Seasons
- ← 19811983 →

= 1982 Stock Car Brasil season =

The 1982 Stock Car Brasil Championship was the fourth iteration of the Stock Car Brasil Championship. The season would begin at the Autódromo de Jacarepaguá on March 7 and would conclude at the Interlagos Circuit on October 17.

This season marked the first series' international races at the Circuito do Estoril in Portugal, albeit as non-championship events. The championship was won by Olimpio Alencar Jr.

== Calendar ==
The following circuits hosted at least one round of the 1982 championship.

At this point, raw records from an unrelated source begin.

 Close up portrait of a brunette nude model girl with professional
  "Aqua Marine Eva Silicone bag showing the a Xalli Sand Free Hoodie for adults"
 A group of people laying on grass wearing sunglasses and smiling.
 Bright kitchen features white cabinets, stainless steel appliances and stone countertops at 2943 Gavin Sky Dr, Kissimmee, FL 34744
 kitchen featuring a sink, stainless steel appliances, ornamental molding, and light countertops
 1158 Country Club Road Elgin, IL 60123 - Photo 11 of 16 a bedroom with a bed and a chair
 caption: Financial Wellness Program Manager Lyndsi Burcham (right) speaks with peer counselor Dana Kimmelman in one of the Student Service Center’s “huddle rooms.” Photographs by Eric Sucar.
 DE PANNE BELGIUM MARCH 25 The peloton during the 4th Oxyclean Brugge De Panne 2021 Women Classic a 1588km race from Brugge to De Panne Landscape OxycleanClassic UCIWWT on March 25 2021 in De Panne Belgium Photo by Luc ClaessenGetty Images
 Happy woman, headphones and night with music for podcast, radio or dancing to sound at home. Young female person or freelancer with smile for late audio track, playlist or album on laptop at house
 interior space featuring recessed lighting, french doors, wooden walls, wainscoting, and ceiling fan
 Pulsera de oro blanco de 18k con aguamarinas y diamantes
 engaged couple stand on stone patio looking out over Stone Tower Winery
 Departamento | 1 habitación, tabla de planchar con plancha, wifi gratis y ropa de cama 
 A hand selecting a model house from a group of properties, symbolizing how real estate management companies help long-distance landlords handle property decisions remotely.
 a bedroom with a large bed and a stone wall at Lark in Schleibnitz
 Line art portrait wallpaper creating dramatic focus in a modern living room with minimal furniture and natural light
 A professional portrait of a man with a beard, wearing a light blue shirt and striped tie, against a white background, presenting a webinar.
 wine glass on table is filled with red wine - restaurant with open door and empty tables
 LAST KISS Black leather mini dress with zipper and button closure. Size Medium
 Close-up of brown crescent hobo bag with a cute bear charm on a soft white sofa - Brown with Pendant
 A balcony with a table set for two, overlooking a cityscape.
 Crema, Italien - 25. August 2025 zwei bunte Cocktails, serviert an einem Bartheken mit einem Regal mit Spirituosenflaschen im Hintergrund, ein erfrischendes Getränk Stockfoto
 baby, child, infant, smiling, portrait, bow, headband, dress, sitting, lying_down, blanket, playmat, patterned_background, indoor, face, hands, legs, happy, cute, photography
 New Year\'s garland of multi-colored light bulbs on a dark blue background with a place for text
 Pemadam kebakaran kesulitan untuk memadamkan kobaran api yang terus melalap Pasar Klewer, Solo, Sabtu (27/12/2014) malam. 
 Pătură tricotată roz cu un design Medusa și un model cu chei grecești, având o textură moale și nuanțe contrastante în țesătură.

| Round | Circuit (Event) | Dates | Map |
| 1 | Rio de Janeiro Autódromo de Jacarepaguá Jacarepaguá, Rio de Janeiro | 7 March | InterlagosCuritibaJacarepaguá |
| 2 | Rio de Janeiro Autódromo de Jacarepaguá Jacarepaguá, Rio de Janeiro | 21 March |
| 3 | São Paulo Autódromo de Interlagos Interlagos, São Paulo | 4 April |
| 4 | São Paulo Autódromo de Interlagos Interlagos, São Paulo | 9 May |
| 5 | São Paulo Autódromo de Interlagos Interlagos, São Paulo | 30 May |
| 6 | Rio de Janeiro Autódromo de Jacarepaguá Jacarepaguá, Rio de Janeiro | 20 June |
| NC | PRT Circuito do Estoril Cascais, Portugal | 3 July |
| NC | PRT Circuito do Estoril Cascais, Portugal | 18 July |
| 7 | Paraná Autódromo Internacional de Curitiba Curitiba, Paraná | 8 August |
| 8 | São Paulo Autódromo de Interlagos Interlagos, São Paulo | 12 September |
| 9 | São Paulo Autódromo de Interlagos Interlagos, São Paulo | 17 October |

== Teams and drivers ==
All teams and drivers were Brazilian-registered. All entrants ran the Chevrolet Opala car.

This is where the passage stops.